Noel Graham

Personal information
- Nationality: British (Northern Irish)
- Born: 2 November 1968 (age 57)

Sport
- Sport: Lawn and indoor bowls
- Club: Lisnagarvey BC

Medal record
Representing Ireland
World Outdoor Championships
| Gold medal – first place | 2004 Ayr | fours |
| Silver medal – second place | 2004 Ayr | pairs |
| Bronze medal – third place | 2004 Ayr | team |
British Isles Championships
| Gold medal – first place | 1996 | singles |
| Gold medal – first place | 1999 | triples |
Representing Northern Ireland
Commonwealth Games
| Bronze medal – third place | 1994 Victoria | fours |
| Bronze medal – third place | 2002 Manchester | fours |

= Noel Graham (bowls) =

Northern Irish international lawn and indoor bowler

Noel Henry Graham (born 2 November 1968) is a former international lawn and indoor bowler from Northern Ireland.

== Biography ==
Graham (born 1968) won a bronze medal in the fours at 1994 Commonwealth Games in Victoria and repeated the feat eight years later at the 2002 Commonwealth Games in Manchester.

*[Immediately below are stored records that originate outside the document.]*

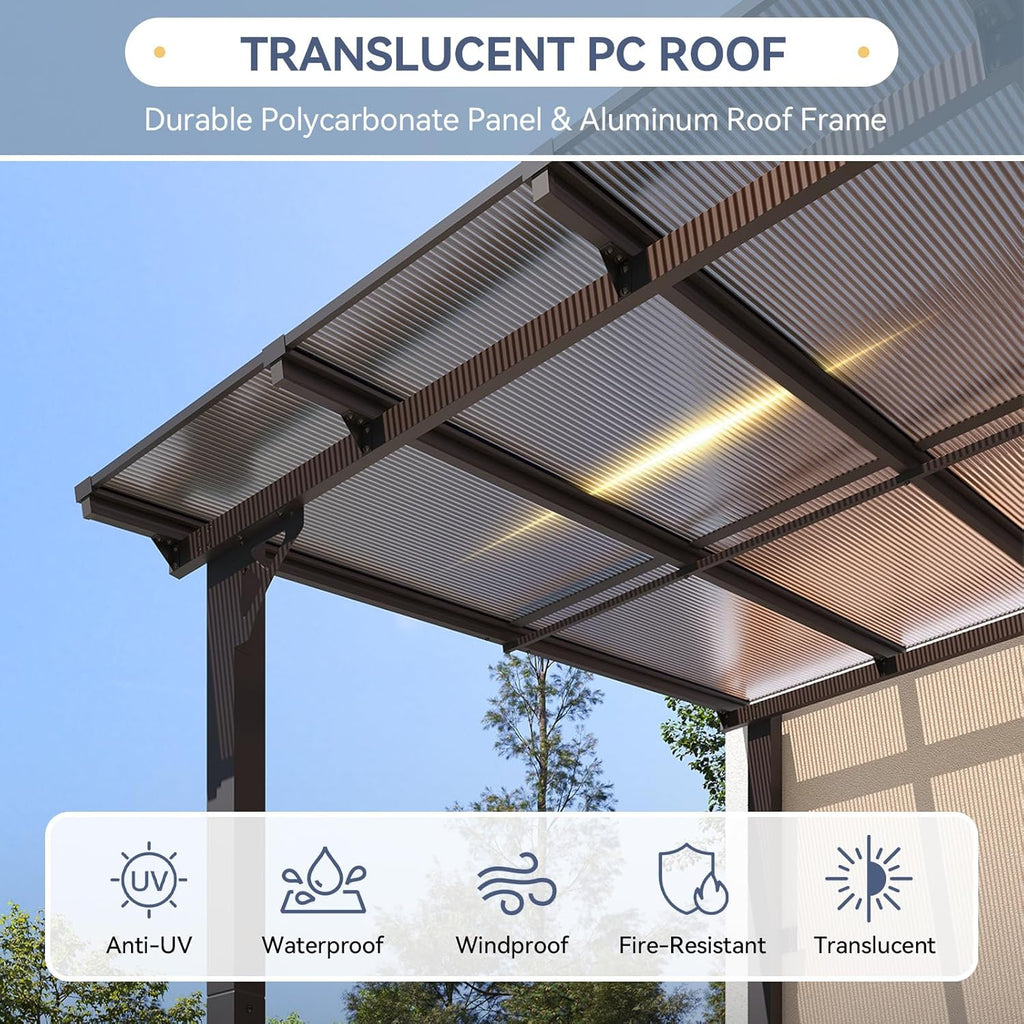 10' x 20' Lean to Gazebo, Hardtop Metal Gazebo Pergola with Polycarbonate Roof, Large Wall Mounted Heavy Duty Awnings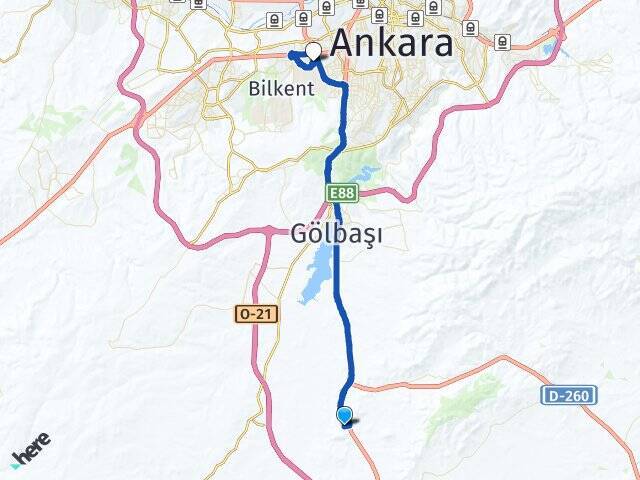 Yağlıpınar Orta Doğu Teknik Üniversitesi (ODTÜ) Arası Kaç Km - Yol Tarifi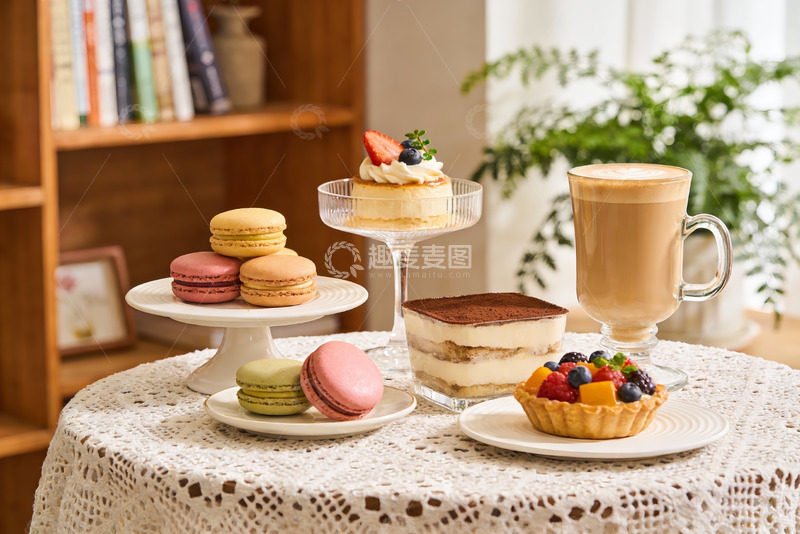 高清大图下载【趣麦麦图】精致甜点与咖啡的温馨下午茶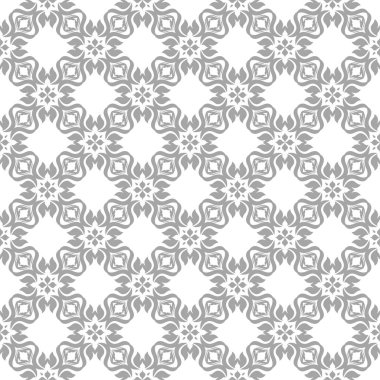 Işık gri çiçek süs tasarım beyaz. Tekstil ve duvar kağıtları için seamless modeli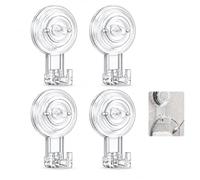 PaYuanRaoTi 4PCS Crochet Ventouse Mural Transparent, Crochet Ventouse Salle de Bain Crochet Puissante Pour Salle De Bain Et Cuisine, Avec Crochet Mural Sans Percage Pour Serviette Vetement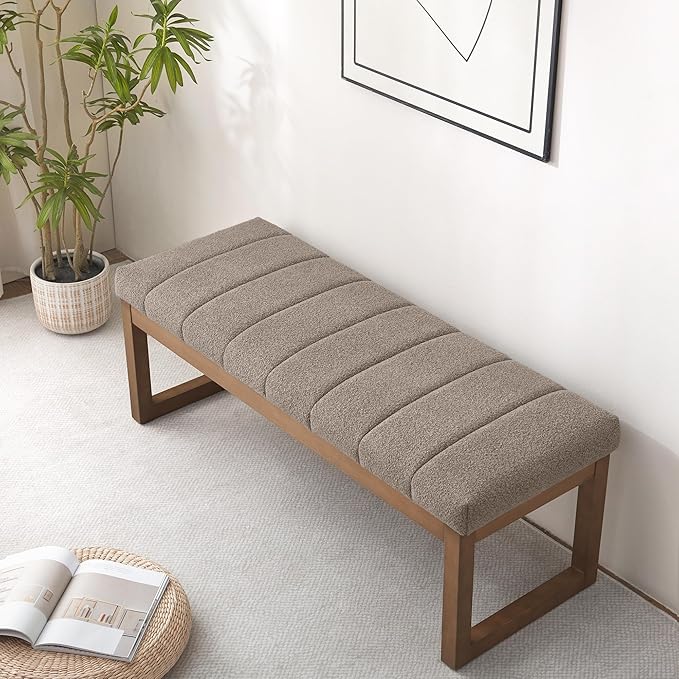 52.7" Bedroom Bench for End of Bed, Modern Upholstered Teddy Fabric Entryway Bench & Dining Bench, Footrest Stool Bench with Solid Wood Frame for Bedroom, Living Room (Dark Brown)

In the World Championships he won gold medal in the fours with Jonathan Ross, Neil Booth and Jim Baker and a silver medal with Jim Baker in the pairs during the 2004 World Outdoor Bowls Championship.

In 1995, he won the Hong Kong International Bowls Classic singles title, in addition to winning three pairs titles in 1999, 2000 and 2005. He won the 1995 Irish National Bowls Championships singles and subsequently won the singles at the British Isles Bowls Championships in 1996.

Graham retired from international competition in 2014.